The U.S. Securities and Exchange Commission and other regulators have warned that tokens sold in ICOs are really securities in disguise and have already cracked down on a handful of projects. While many companies doing ICOs say tokens are made to be used in their networks and don’t represent an investment vehicle or a stake in the firms, regulators say in most cases investors are hoping to sell their tokens as prices go up.
Telegram, which has become a popular platform for ICO teams and investors to communicate, held two rounds of private sales in February and March, raising $850 million in each round from fewer than 200 investors. The British Virgin Islands-registered firm filed documentation to the SEC known as Form Ds in compliance with Rule 506(c), which is an exemption for private placements, and the minimum investment in the March sale was $1 million.

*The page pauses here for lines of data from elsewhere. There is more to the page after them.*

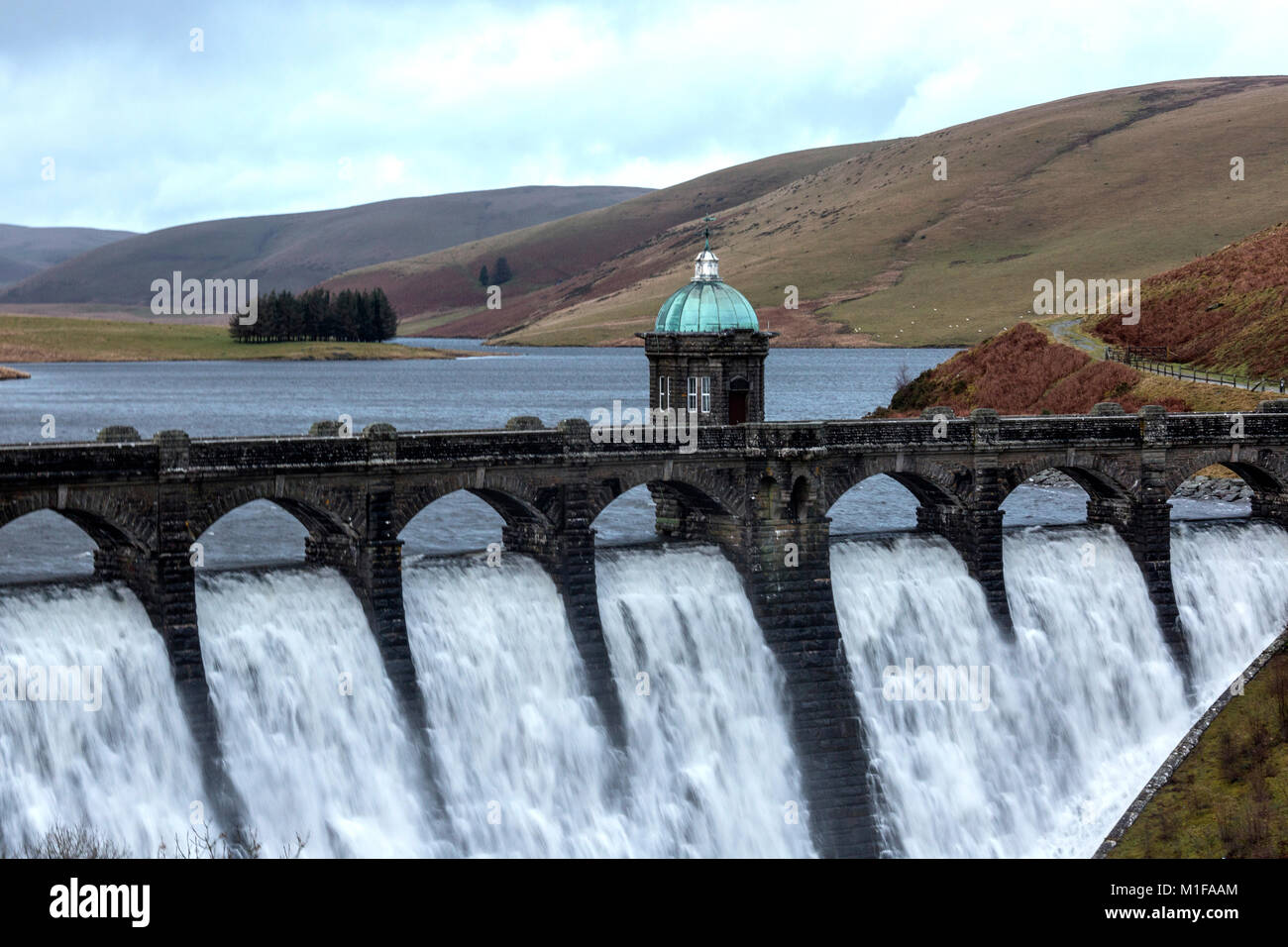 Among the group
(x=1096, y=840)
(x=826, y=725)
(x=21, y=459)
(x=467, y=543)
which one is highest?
(x=21, y=459)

Telegram officials didn’t immediately respond to a request for comment.
ICOs, which have raised more than $7 billion so far this year, have been hailed by crypto enthusiasts as a way to democratize venture investments. In that sense, Telegram’s fund raiser goes against what ICOs were meant to achieve, Erik Voorhees, founder and chief executive officer of cryptocurrency exchange ShapeShift, said in a tweet. “The SEC has created an environment where only the rich (aka “accredited investors”) are able to get access to financial deals. The plebeians must stick to the lottery,” Voorhees said.
From Telegram’s perspective, it was a smart move, said Gregory Xethalis, senior counsel at law firm Chapman and Cutler LLP.
“While certain industry participants may be chagrined that only accredited investors had an opportunity to participate, from the issuer’s perspective, a private sale is far less costly and risky and it still managed to far exceed initial expectations,” Xethalis said.